[Short web captions]
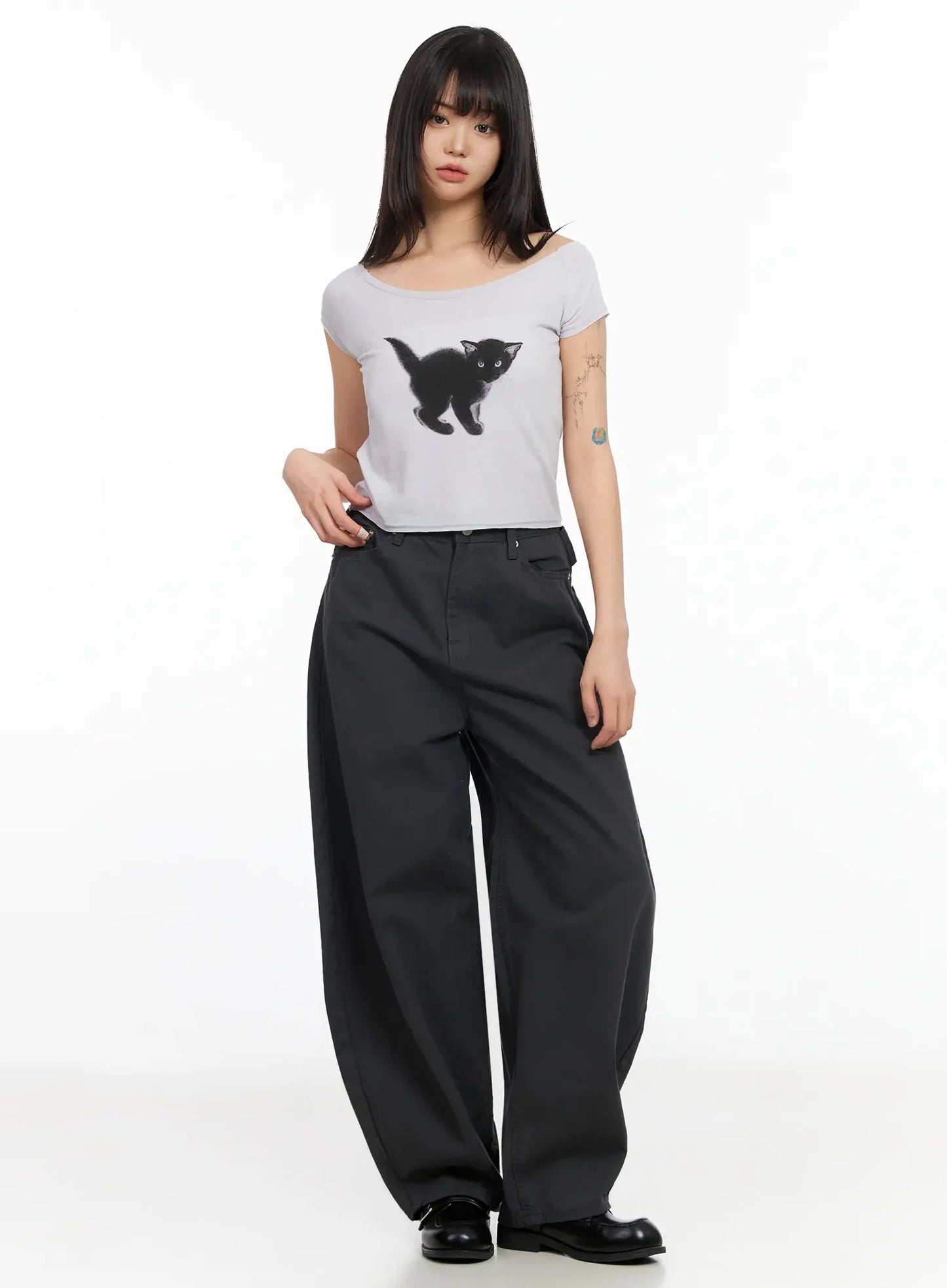 Cat Graphic Off-Shoulder Crop Top IA523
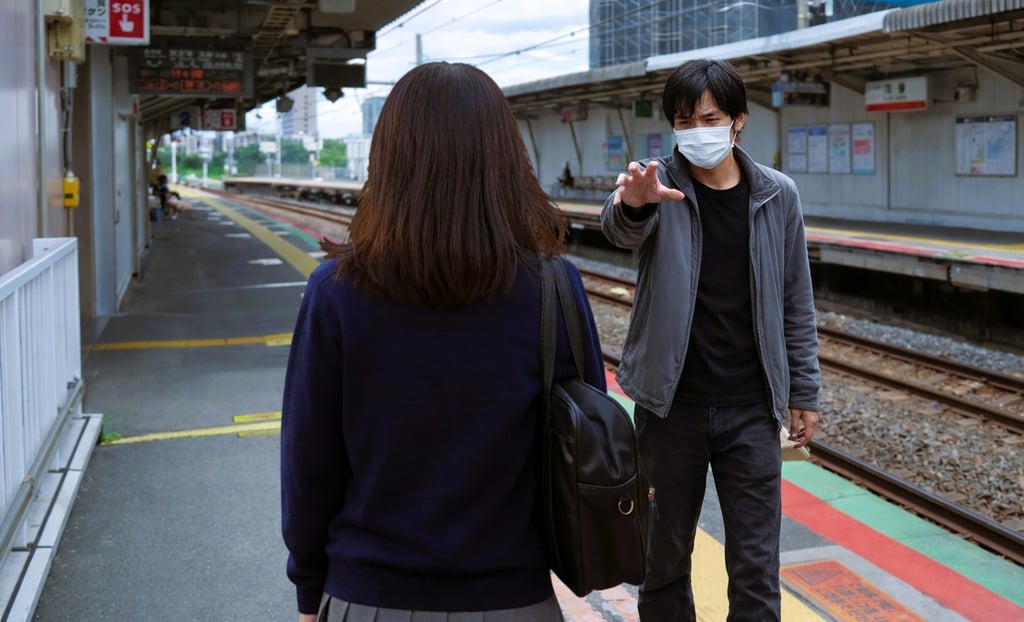 女子高生の上着を引っ張ろうとしている不審者のイメージ画像|堺市のニュースならサカイタイムズ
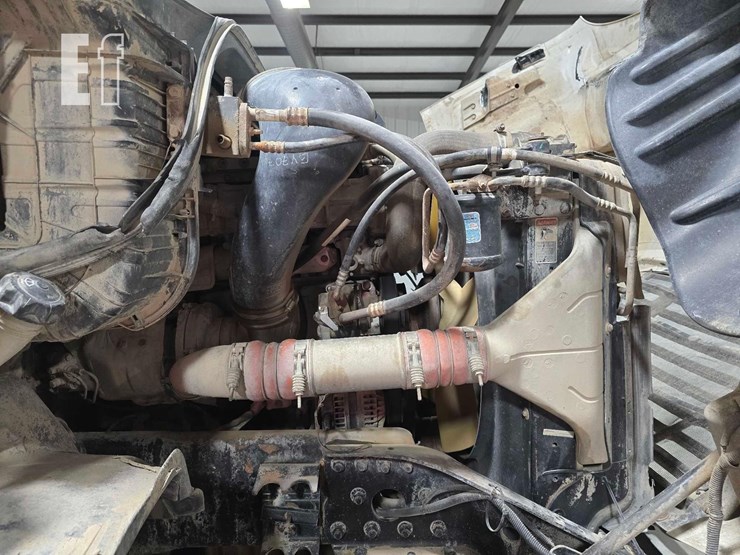 2016-freightliner-cascadia-113-image-19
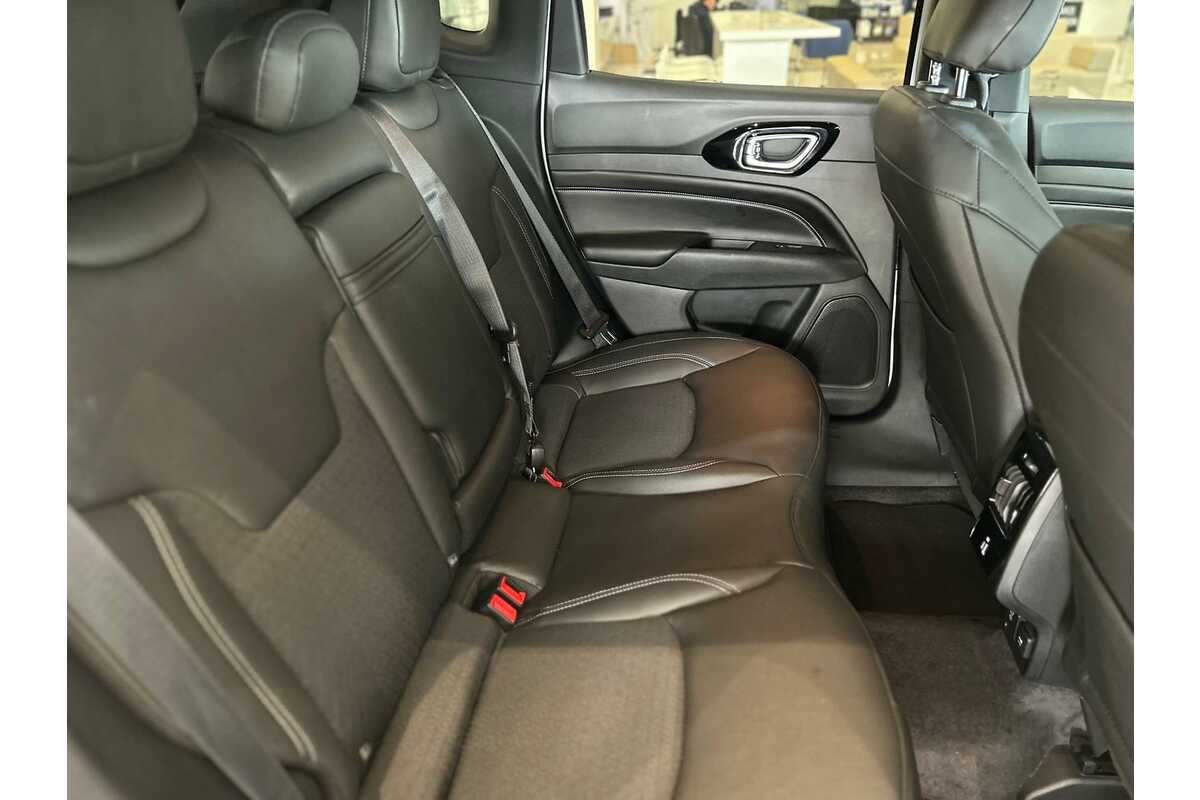 2023 Jeep Compass Night Eagle M6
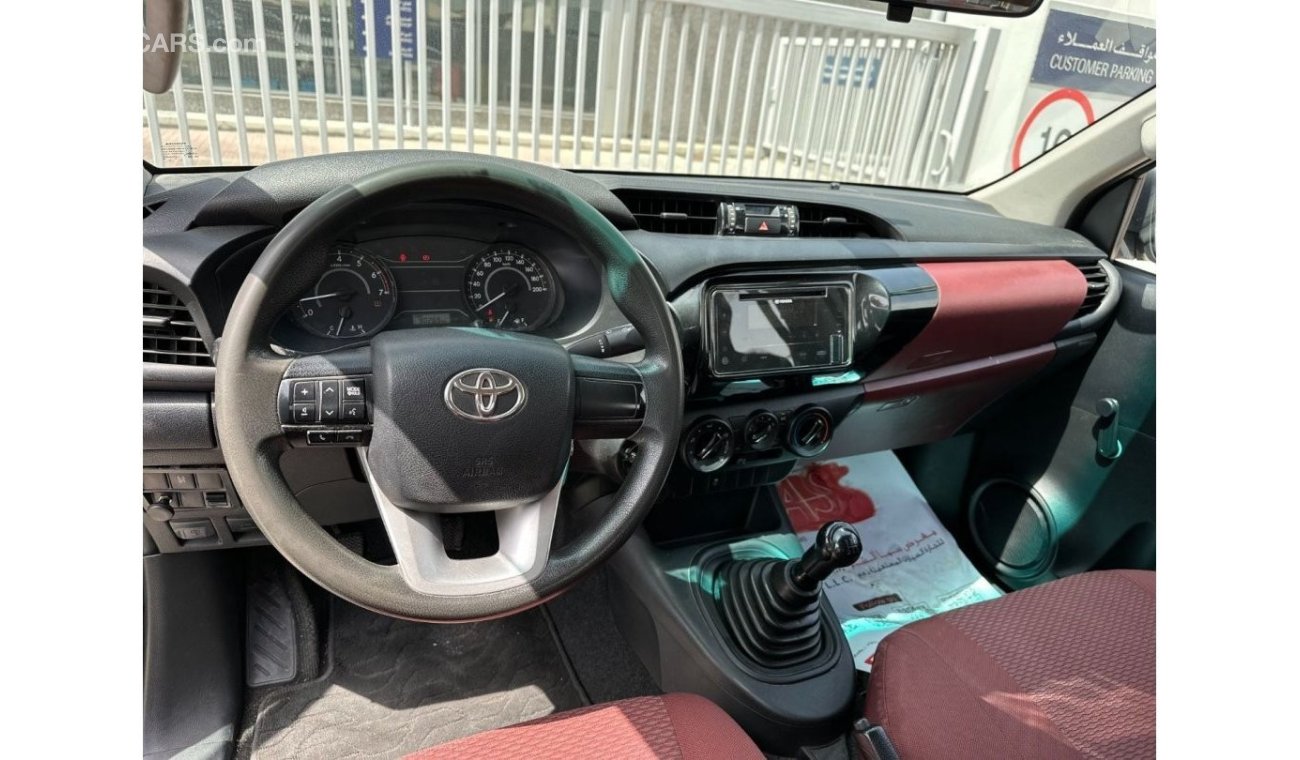 Toyota Hilux GL GCC 4W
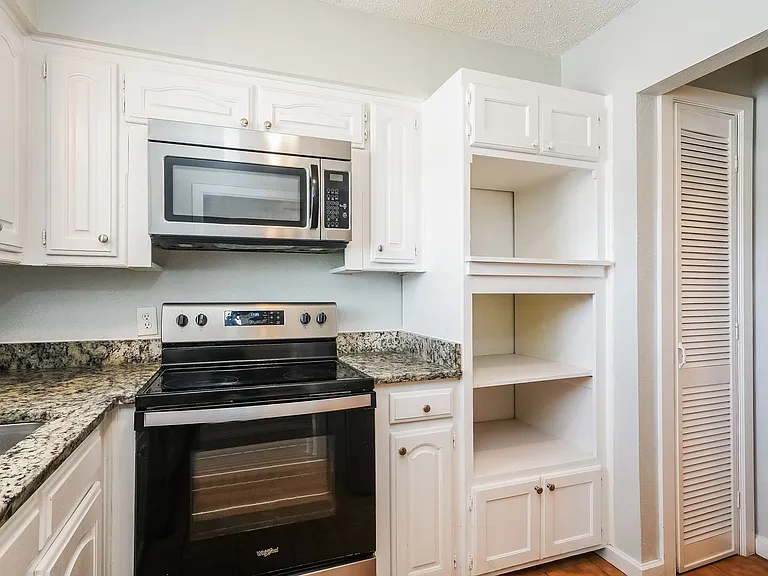 1200 W Mitchell St — Photo 7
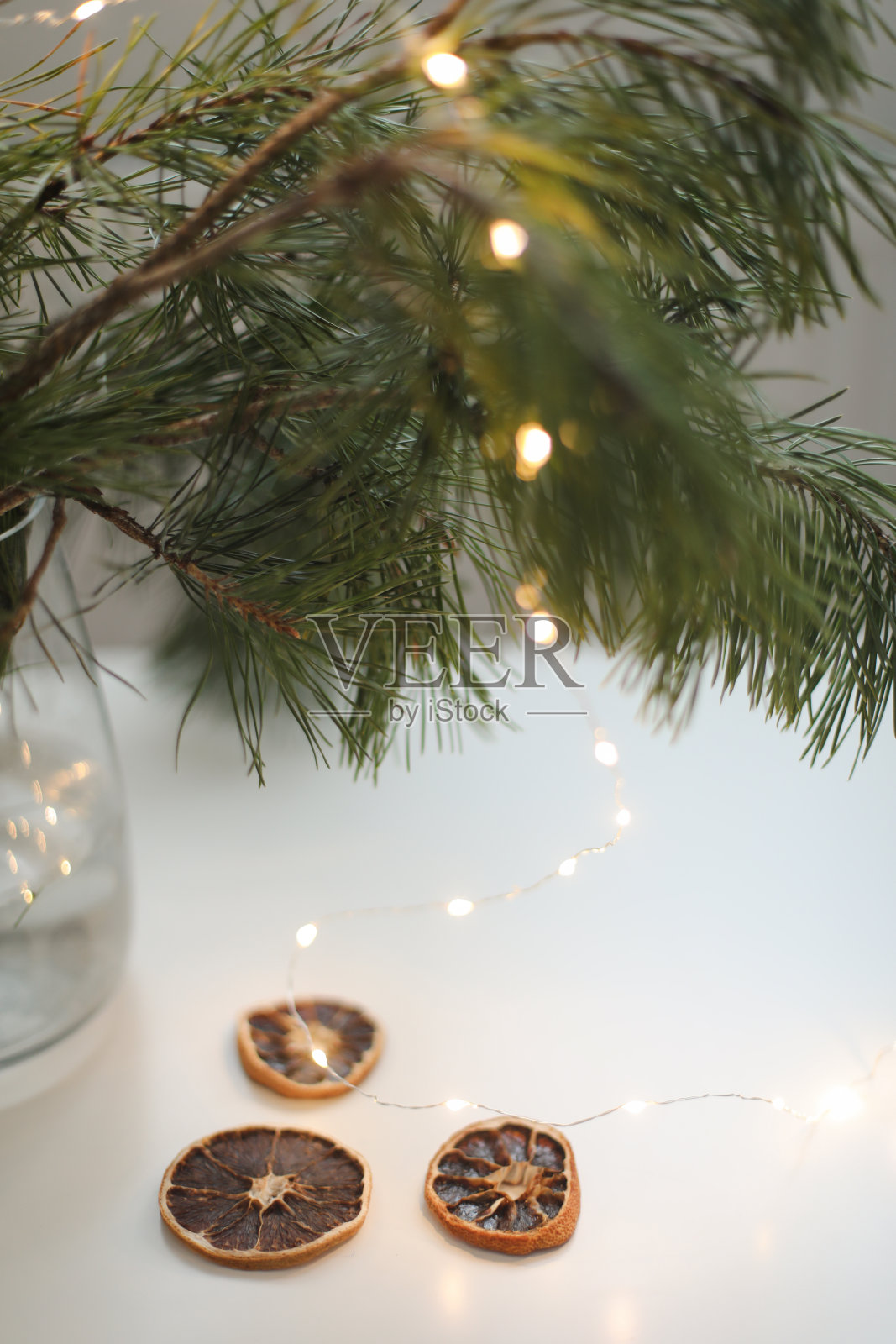 圣诞装饰和新年假期背景。照片摄影图片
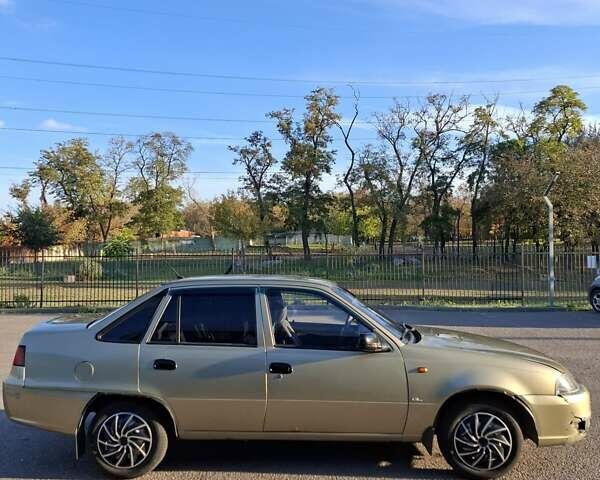 Желтый Дэу Нексия, объемом двигателя 1.6 л и пробегом 95 тыс. км за 2600 $, фото 8 на Automoto.ua
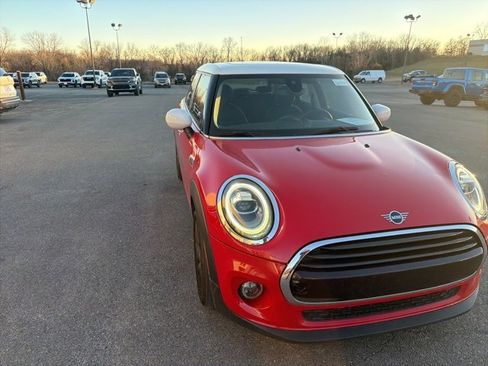 Used 2021 MINI Cooper 4-Door Hardtop w/ Storage Package image 8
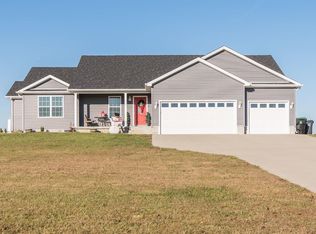 153 Crossing View Dr, Berea, KY 40403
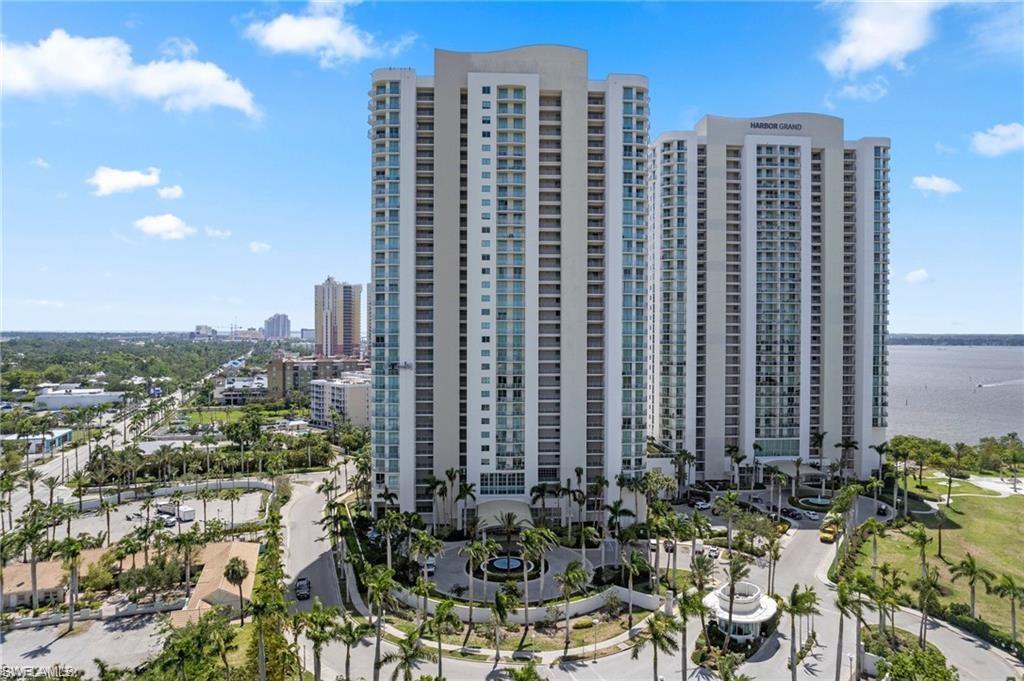 3000 Oasis Grand BLVD Unit: MPH7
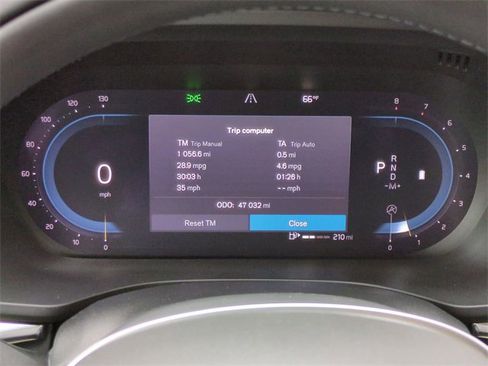 Used 2022 Volvo XC60 B5 Inscription w/ Climate Package image 26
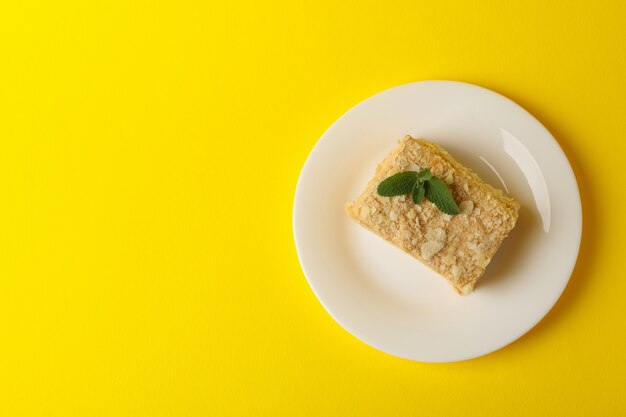 Prato com delicioso Bolo Napoleão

EXERCISE AIM: The range to copy runs from the line with "2016-freightliner-cascadia-113-image-19" to the last line of the entries, both included; copy it exactly and leave out the pictures.

RESULT BELOW:
 2016-freightliner-cascadia-113-image-19
 2023 Jeep Compass Night Eagle M6
 Toyota Hilux GL GCC 4W
 1200 W Mitchell St — Photo 7
 圣诞装饰和新年假期背景。照片摄影图片
 Желтый Дэу Нексия, объемом двигателя 1.6 л и пробегом 95 тыс. км за 2600 $, фото 8 на Automoto.ua
 Used 2021 MINI Cooper 4-Door Hardtop w/ Storage Package image 8
 153 Crossing View Dr, Berea, KY 40403
 3000 Oasis Grand BLVD Unit: MPH7
 Used 2022 Volvo XC60 B5 Inscription w/ Climate Package image 26
 Prato com delicioso Bolo Napoleão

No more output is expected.